Die Marke setzt traditionell auf einen hochgelobten Mehrspielermodus. So auch der neuste Teil. Kooperativ können vier Spieler miteinander die Kampagne, also die Geschichte, auf ihren Nebenschauplätzen weiterspielen, anstatt sich ausschließlich gegenseitig um einer Flagge willen abzuknallen. Das geht aber natürlich auch.

Die Grafik des Spiels ist, anders war es kaum zu erwarten, angeberisch detailliert. Zu jeder erdenklichen Situation flackert Licht, schlagen Funken und schwirren Partikel durch die Kulissen. Die futuristischen Waffengeräusche sind ebenso hollywoodreif wie der Soundtrack des Spiels.

Halo erscheint nicht für Sonys Playstation oder die Wii-Konsole von Nintendo. Auch eine PC-Version wird es nicht geben. Es war immer schon das Vorzeigespiel für Microsofts Xbox. Aus der nun schon arg in die Jahre gekommenen Hardware lässt sich mehr wohl kaum herausholen.

Das Design der Level allerdings ist ein wenig enttäuschend. Es sieht aus wie ein Potpourri der besten Halo-Momente. Zerklüftete Planetenoberfläche? Check. Raumstation? Check. Urwald? Die Kulissen sind etwas einfallslos. Abwechslung gibt es dafür bei den Waffen, auch wenn sich dabei oft um Variationen bestehender Modelle handelt.

Umso verwirrender ist die Geschichte. Wer die Spiele durchgespielt hat, ist keineswegs ein Halo-Experte. Ergänzend sollte man zumindest die Comics durchblättern, die Romane lesen, die Kurzfilmen und Animes ansehen. Erst dann eröffnet sich womöglich, warum die Reihe so erfolgreich ist. Allein am ersten Tag wurden gerade mehr als drei Millionen Exemplare verkauft.

Aufwändiges Marketing

Wobei Microsoft viel Geld in die Werbung gesteckt hat. Es wurden kostspielige Premieren-Events abgehalten, mit Pyroeffekten, Original-Fahrzeugen und Schauspielern in Ganzkörperverschalung. Dabei ist Europa weit davon entfernt, so Halo-begeistert zu sein wie die USA. Gerade in Deutschland verkaufen sich herkömmliche Militär-Shooter weitaus besser. Was viele Deutsche trotzdem nicht davon abgehalten hat, sich das Spielvorab aus dem Netz zu ziehen. Sehr zum Verdruss von Microsoft.
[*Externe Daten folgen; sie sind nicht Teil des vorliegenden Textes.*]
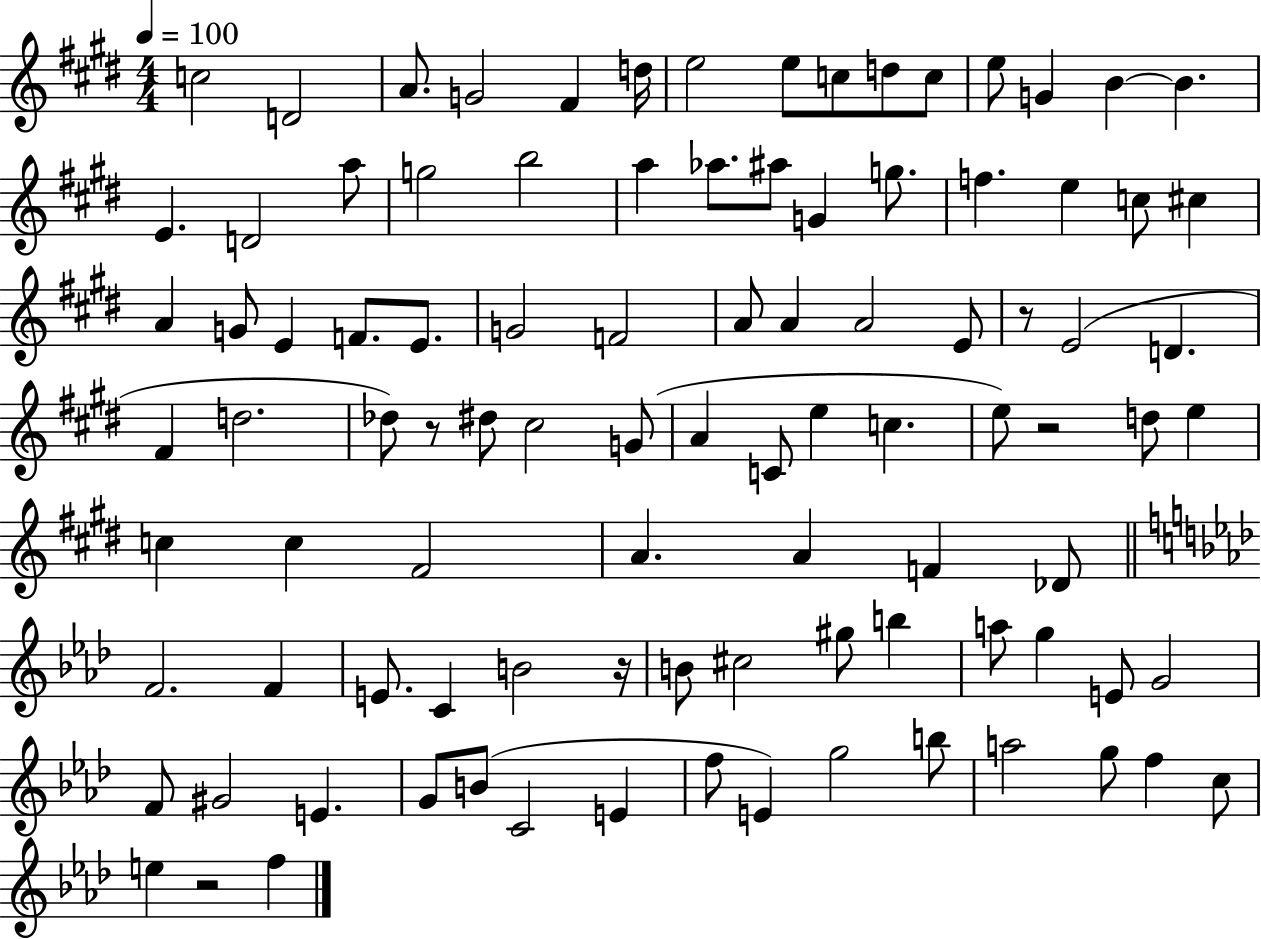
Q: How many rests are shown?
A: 5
Letztlich tut sich bei der Serie ein komplexes Universum auf, vollgestopft mit unendlich vielen, für die Spielmechanik meist eher irrelevanten Details, über die es sich jedoch herrlich streiten lässt. Das ist im vierten Teil nicht anders.
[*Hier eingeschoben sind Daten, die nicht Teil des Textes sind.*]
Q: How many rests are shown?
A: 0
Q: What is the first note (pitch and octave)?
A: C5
Wie insgesamt wenig Neues gewagt wurde. Das liegt womöglich auch daran, dass nicht mehr Bungie, sondern erstmals 343 Industries für die Entwicklung verantwortlich ist und der kritischen Masse der Fans und Fanboys zeigen wollte, dass die Serie in guten Händen ist und die Erwartungshaltungen erfüllen wird.

Und das tut sie sicherlich. Halo 4 ist ganz und gar wie seine Vorgänger. Wer die Hintergrund-Story nicht kennt, lässt sich zwar von Schalter zu Schalter scheuchen, ohne den blassesten Schimmer zu haben, was die ganze Aufregung soll. Aber das lustvolle Geballere auf Grunts, Bruts und die brennenden Schoßhunde der Prometheaner macht trotzdem Spaß. Auch ganz ohne Kontext.